Dans le premier chapitre du livre intitulée « Un roman caché? », Dominique Noguez endosse l’habit de détective littéraire et tente de déterminer la validité de deux textes cachés, récemment attribués à Duras : Heures chaudes et Caprice. Le premier serait un livre que la romancière aurait publié en 1941 chez Les Livres nouveaux, éditeur parisien qui disparaîtra peu de temps après. Ce texte, complètement oublié depuis, a été découvert récemment chez un bouquiniste et pourrait bien être, selon la thèse de Noguez, le premier roman de Duras. Avec un plaisir évident, l’essayiste nous raconte comment il a traqué les indices permettant ou non d’attribuer ce roman à Duras. Il a dressé deux colonnes, la première en faveur de l’attribution de ce récit inconnu à la romancière et la deuxième contre. Il en résulte un constat assez mitigé dans la mesure où les deux colonnes sont égales. Les indices tombés dans la colonne durassienne sont débusqués par un fin connaisseur et un spécialiste de Duras qui s’est abîmé les yeux sur les archives de l’IMEC. Ils sont solides et n’ont d’autre faiblesse que de se voir opposer, par Noguez lui-même, des arguments contraires non moins convaincants. De sorte que le lecteur reste perplexe et incertain.

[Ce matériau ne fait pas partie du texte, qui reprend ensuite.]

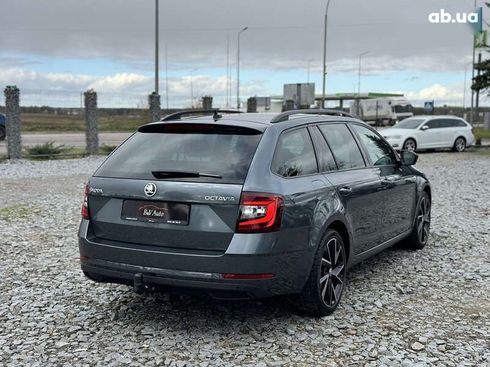 Skoda Octavia 2019 - фото 12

Il en est cependant autrement pour Caprice, roman paru anonymement en 1944 chez l’imprimeur-éditeur Nicéa. Ce livre, qui retient particulièrement l’attention du critique, retrace l’histoire d’amour entre Babeth, une jeune femme mariée, et un homme nommé Jean. Il s’agit donc d’une histoire d’adultère entre deux personnes qui se rencontrent sur une plage puis au cours d’un bal à Biarritz. L’intrigue s’étale sur quarante-huit heures puisqu’après deux nuits d’amour intenses, les amants se séparent. Plusieurs éléments attestent qu’il s’agit bien d’un roman de Duras, notamment ses liens avec la biographie durassienne, l’exploitation de motifs tels que « la rencontre érotique » (p. 30), le « bal », la plage comme « lieu d’un possible foudroiement d’amour ou de mort » (p. 32) et, surtout, le style : « Dès les premiers mots le lecteur familier de l’œuvre de Marguerite Duras reconnaît Caprice comme une œuvre d’elle. De façon suffocante, émerveillée, absolue. » (p. 25) Autant d’indices qui incitent Noguez à affirmer que Caprice est « une œuvre au sens plus élaboré du mot » et « une des plus belles que Duras ait écrite » (p. 44).

Dans le deuxième chapitre, « Partout, l’amour », l’auteur souligne combien Duras était le chantre de l’amour, à quel degré elle l’a recherché, célébré, vécu, écrit, filmé et mis en scène tout au long de sa vie et de son œuvre et pointe du doigt, dans le chapitre suivant, intitulé « Marguerite flétrie », ce paradoxe : comment une écrivaine ayant élaboré une œuvre constamment orientée vers l’amour a-t-elle pu provoquer tant de haine?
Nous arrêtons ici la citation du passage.